The present invention relates to a feeder for machines for wrapping sheet-like products.

The requirement to individually wrap sheet-like products is particularly strongly felt for chewing gum in the form of ingot-like sticks, which, inside the respective package, are individually wrapped in order to preserve their integrity and maintain a good standard of hygiene.

Packaging chewing gum in sticks involves the production of the sticks starting from larger pieces (obtained through a die punch, a shearer and the like) and subsequently passing each individual stick through a succession of stations that are designed to juxtapose the wrapping sheet and close the respective flaps around the stick itself.

The speed of the subsequent operations necessary for wrapping is strongly limited by the characteristics of the product on which to operate.

In fact if the sheet-like products are delicate and/or easily deformable, they could be subject to damage if they are subjected to high accelerations and/or if they come into contact with the rigid components that carry out the folding of the flaps.

In order to overcome such drawback, when packaging chewing gum in sticks, the environment in which the wrapping operations are executed is climate controlled.

Sticks of chewing gum in fact exhibit a substantially elastomeric behavior and their rigidity is increased when their temperature is reduced.

So operating on chewing gum in sticks kept at low temperatures (in any case lower than the ambient temperature of a workplace) thus makes it possible to maintain higher wrapping speeds.
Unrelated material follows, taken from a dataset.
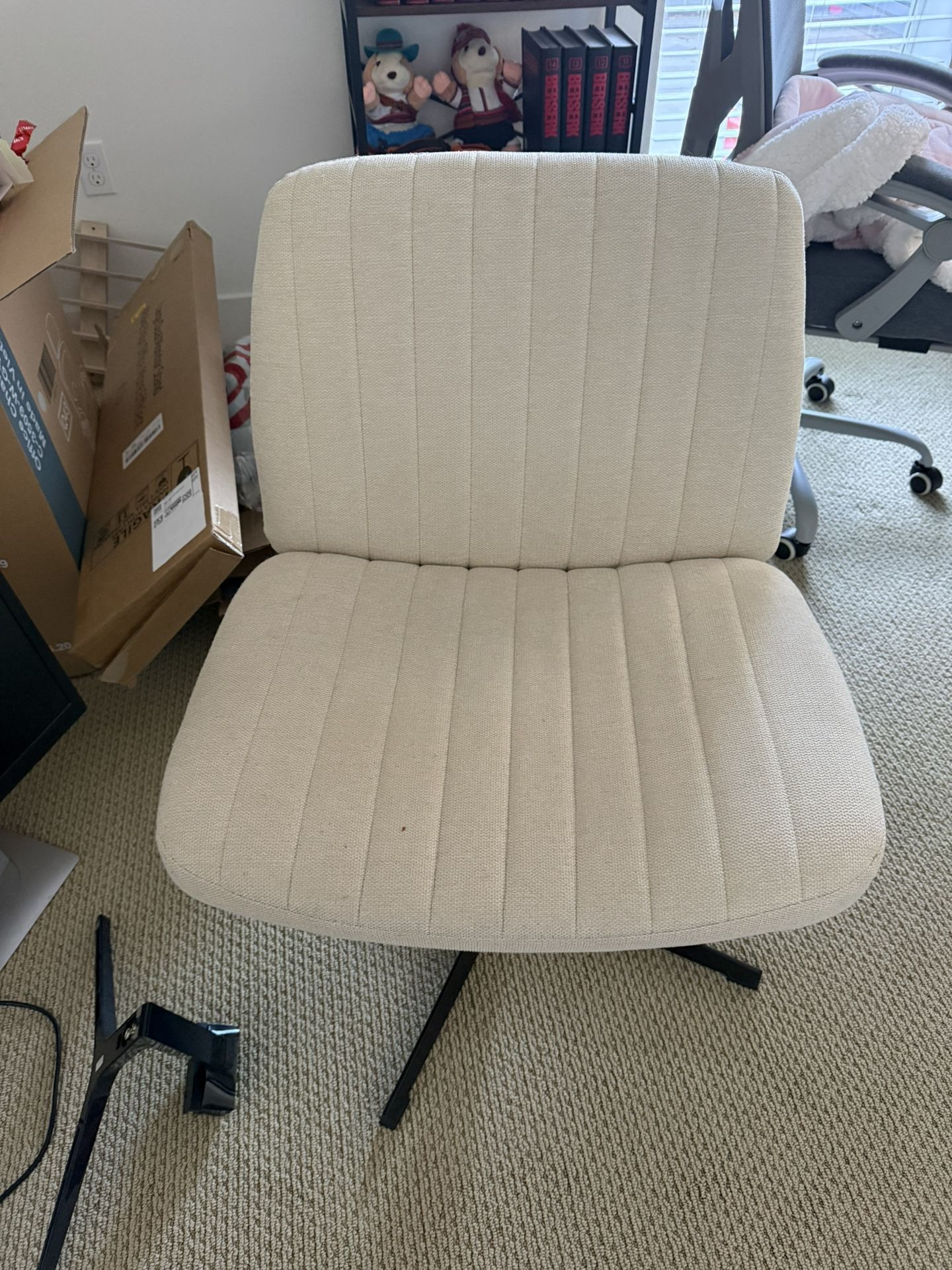 Desk Chair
In any case, even after adopting low temperatures of the environment in which to operate, there is still a limit to the speed of the operations to wrap the chewing gum, owing to the delicate nature of the product itself (which cannot be completely eliminated by reducing the temperature). Even adopting two or more wrapping machines placed side by side, in order to increase productivity, is not validly practicable: quite apart from the purchase cost of each individual additional wrapping machine and the corresponding additional energy consumption, there are serious problems associated with the overall space occupation (a consequence of placing multiple machines side by side) which also implies a considerable increase in the costs of cooling the environment in which these will operate.

The main aim of the present invention is to solve the above- mentioned drawbacks, by providing a feeder for machines for wrapping sheet-like products which has high levels of productivity.
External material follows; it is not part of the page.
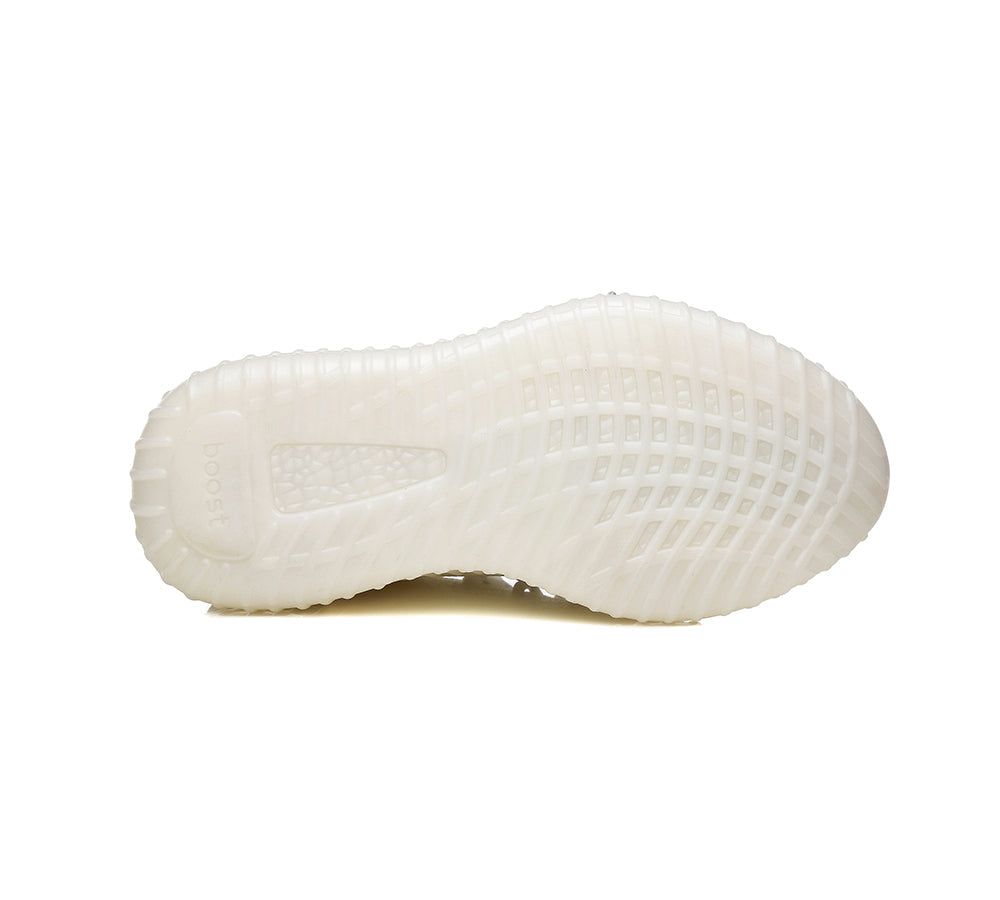 TARRAMARRA® Women Sneakers Yanis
Within this aim, an object of the invention is to provide a feeder for machines for wrapping sheet-like products which offers reduced space occupation.

Another object of the invention is to provide a feeder for machines for wrapping sheet-like products which makes it possible to keep operating costs low.

Another object of the present invention is to provide a feeder for machines for wrapping sheet-like products which is low-cost, easily and practically implemented, and safe to use.

This aim and these objects are achieved by a feeder for machines for wrapping sheet-like products of the type comprising a track for supplying laminar blanks, a cutting unit for dividing the blanks into sheet-like products and a channel for supplying a respective wrapping station with said sheet-like products, characterized in that said channels are at least two in number, are arranged mutually side by side, and lead to respective mutually opposite wrapping elements of distinct wrapping stations, a sorting apparatus being interposed between said channels and said cutting unit for the selective transfer of the sheet-like products that arrive from said cutting unit to one respective channel at a time.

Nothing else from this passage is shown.